Mikel INSAUSTI
CRÍTICA «Dantza»

El cordón umbilical que une al pueblo con sus raices

La propuesta cinematográfica de Telmo Esnal con “Dantza” es la más arriesgada que se ha dado en una película hecha en Euskal Herria, y seguramente no obtendrá el mismo reconocimiento que otras recientes que utilizan un lenguaje de ficción más convencional, pero el premio de la Industria que le fue otorgado en el año 2017 en Donostia es indicativo de un trabajo de la máxima altura profesional que pone un techo en lo que a calidad técnica y artística se refiere. Muy pocos musicales se atreven a renunciar al uso de los diálogos, con los que se suelen reforzar los números coreográficos y las canciones, pero “Dantza” es una película muda, que está más cerca de obras no discursivas sobre el universo conocido como la visual y poética “Koyaanisqatsi” (1982) de Godfrey Reggio.

Y si aquella era una creación universal que partía de la simbología nativa del Norte de América, se puede decir lo mismo de “Dantza”, que entronca el ser euskaldun con una especie de cosmovisión basada en los ciclos de la naturaleza desde la perspectiva de la evolución humana reflejada en sus tradiciones milenarias asociadas al trabajo en el campo o a la fiesta de celebración de la cosecha.

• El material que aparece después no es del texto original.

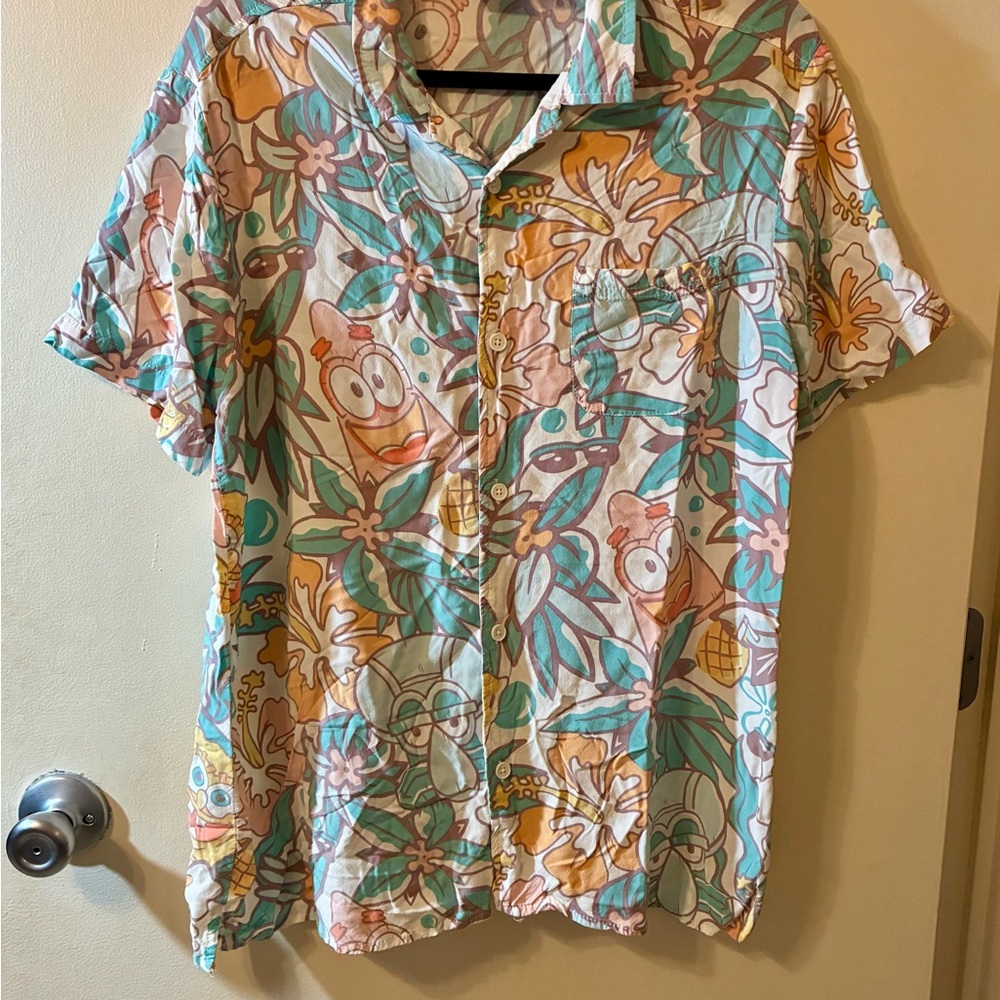 Nickelodeon Sponge Bob Men’s Hawaiian Style Button Down Collared Shirt Cartoon L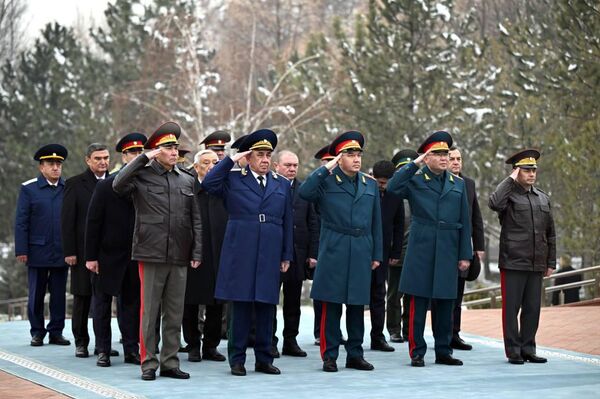 Шавкат Мирзиёев возложил цветы к подножию памятника Исламу Каримову в Ташкенте - Sputnik Узбекистан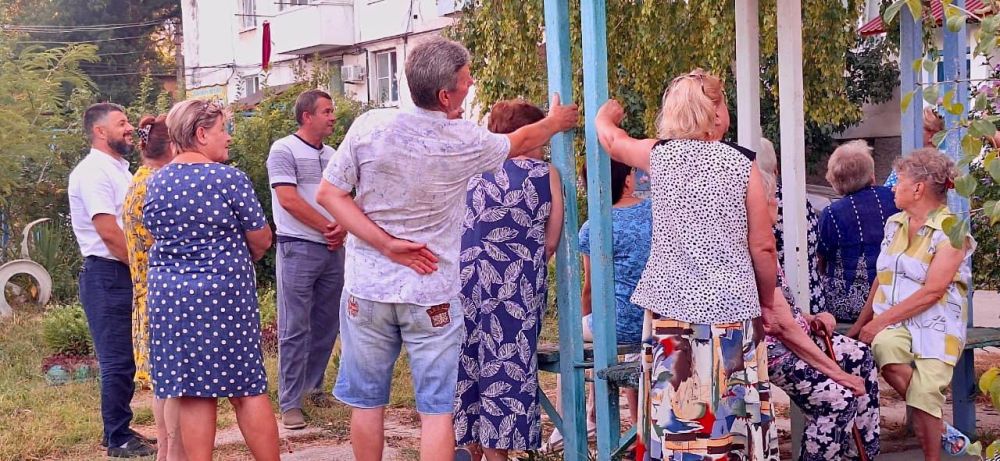 Рустем Аметов: По поручению главы администрации Валентины Варава, совместно с депутатом Государственного совета Анной Рубель... Рустем Аметов: По поручению главы администрации Валентины Варава, совместно с депутатом Государственного совета Анной Рубель...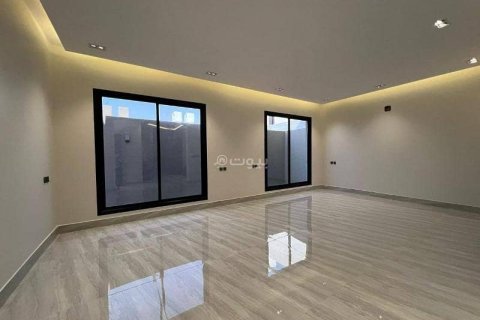 Villa de 5 chambres à Riyadh, Saudi Arabia No. 59901 8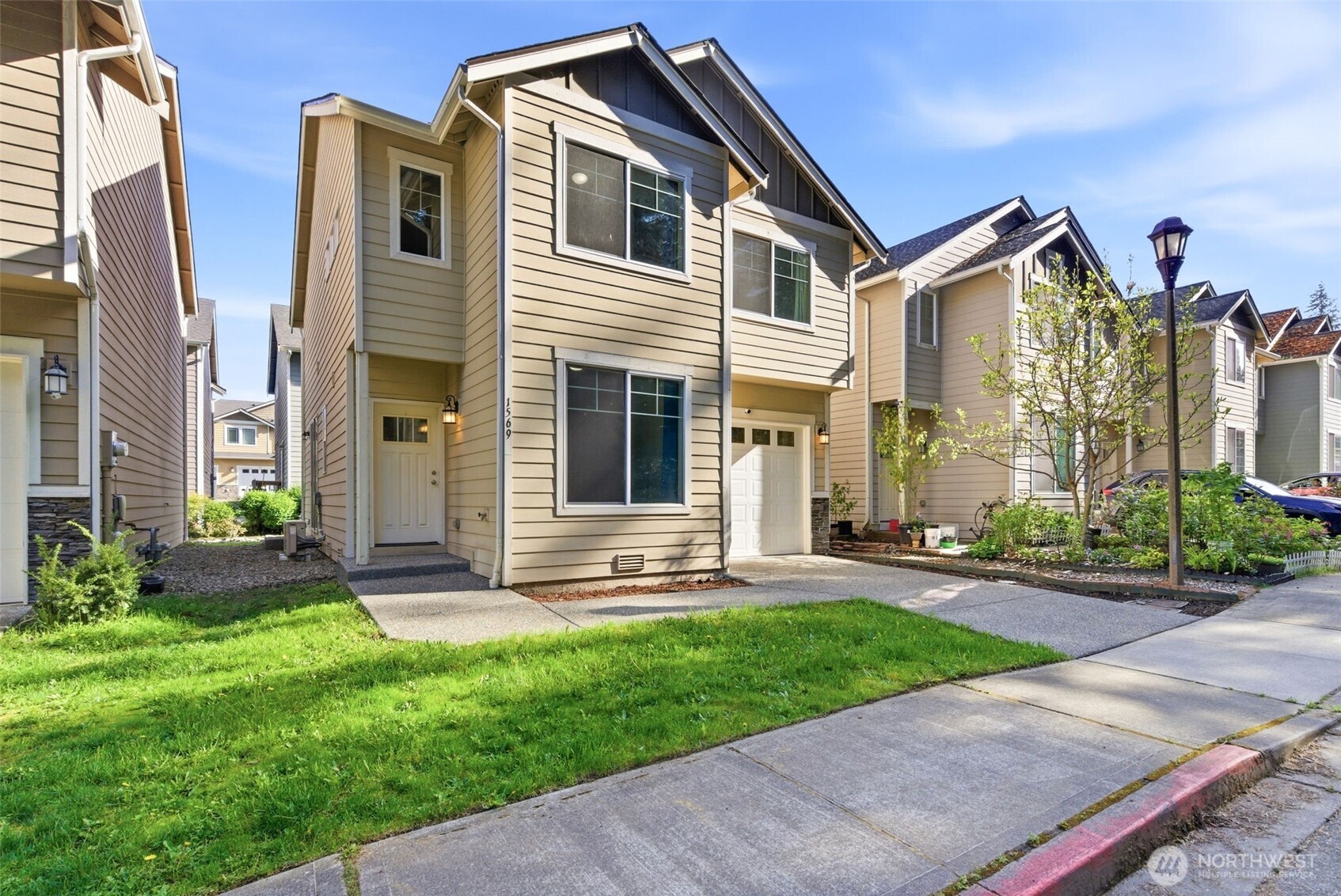 1569 NE Fontaine Way , Poulsbo, WA 98370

La introducción se remonta al origen de todas las cosas, y viene a ser una respuesta telúrica al famoso prólogo con que Kubrick abría “2001” (1968). Todo nace de los sonidos de Ama Lur, por eso no hay en la escena otra música que no sea la del ritmo que marca la azada golpeada contra el suelo duro y reseco de las Bardenas. Ruidos cotidianos que a lo largo del metraje irán encontrando su eco en las acciones y movimientos sincronizados de los sidreros o los canteros.

La grandeza de Telmo Esnal ha consistido en captar las armonías que se derivan de esos gestos arcaicos, sublimadas por la belleza coreográfica del baile a partir de los rituales tribales de la colectividad. Cada paso, cada salto en el vacío, cada equilibrio imposible es pura vida.